In the above-described steps of FIGS. 16A to 16E, in order to prevent the clamp module 323 from moving along the first path D1, the clamp module 323 includes a connecting plate 3112a and a blade 3112b. Will interfere; The first operation module 311 can be driven to rotate the connection plate 3112a and the blade 3112b, which causes the blade 3112b to rotate at an angle to avoid the clamp module 323, but shown in the figure. Is not limited to the specified angle.

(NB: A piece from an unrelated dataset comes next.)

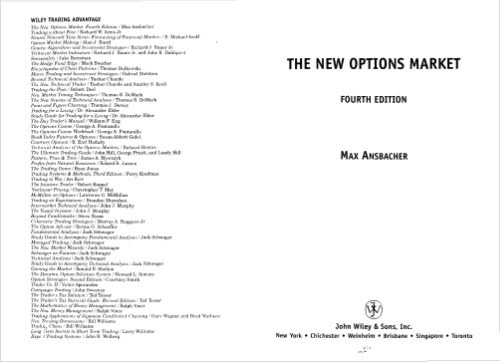 The New Options Market 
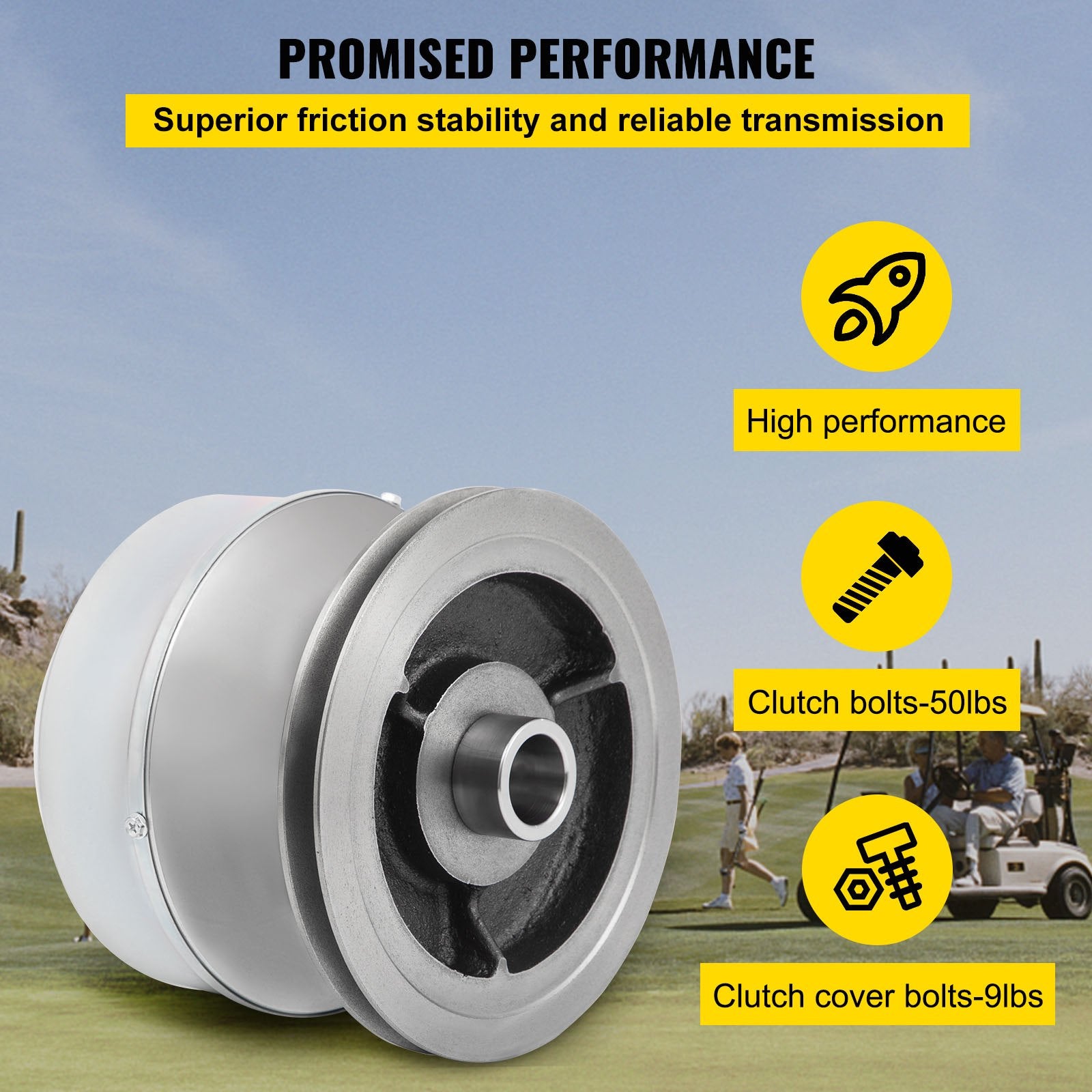 G2-G22 Drive Clutch Compatible With Yamaha Golf Cart 1985+ G2 G8 G9 G14 G16 G22 4 Cycle Carts Gas Golf Cart V952-YAMAHAG2-G22LHQ01V0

See Fig. 17A. After the cutting of the bobbin thread 60 is completed, the wound bobbin thread 61 starts to be installed on the bobbin case 52 of the first bobbin module 501. First, the third driving source 3131 of the third operation module 313 drives to move the third interlocking module 3133 away from the third transmission member 3132; The restoring force 3134a of the resetting member 3134 acts on the pressing block 3132a, which causes the third transmission member 3132 to move toward the third drive source 3131, thereby moving the third The transmission member 3132 allows the bobbin case 52 of the first bobbin module 501 to be assembled to the bobbin 51 of the first bobbin module 501; Accordingly, the bobbin case 52 of the first bobbin module 501 and the bobbin 51 of the first bobbin module 501 are converted from the separated state (S1) to an assembled state (S3) assembled to each other. At this time, the wound bobbin thread 61 contacts the open end 524 of the bobbin case 52, and the wound bobbin thread 61 is in a tensioned state.

See FIG. 17B. When the bobbin thread 60 with the deduction is in contact with the open end 524 of the bobbin case 52, the second driving source 3121 of the second operation module 312 is the second driving source 3121 of the second interlocking module 3123 It generates rotational power to drive the drive belt pulley 3123a to rotate, which means that the second transmission member 3122 connects the second transmission member 3122 to the second driven belt pulley of the second interlocking module 3123 ( 3123b) to drive to rotate about the axis of motion (L); When the second transmission member 3122 rotates, the synchronous protruding pillar 3142 of the synchronization module 314 cannot be moved due to the limitation of the synchronization groove 3141, and thus, the second transmission member 3122 is synchronized. Through the module 314, the third operation module 313 is driven to rotate, and thus the bobbin case 52 of the first bobbin module 501 rotates synchronously. As shown in the figure, the second driving source 3121 first drives the bobbin case 52 of the first bobbin module 501 to rotate clockwise through the second transmission member 3122, and then 2 driving source 3121 drives the bobbin case 52 of the first bobbin module 501 to rotate in a counterclockwise direction; Accordingly, the bobbin thread 61 in which the rotating bobbin case 52 is wound can be guided into the thread guiding slot 527 of the bobbin case 52, and the local length of the wound bobbin thread 61 is It is positioned between the case 52 and the clamping elastic piece 528 of the bobbin case 52.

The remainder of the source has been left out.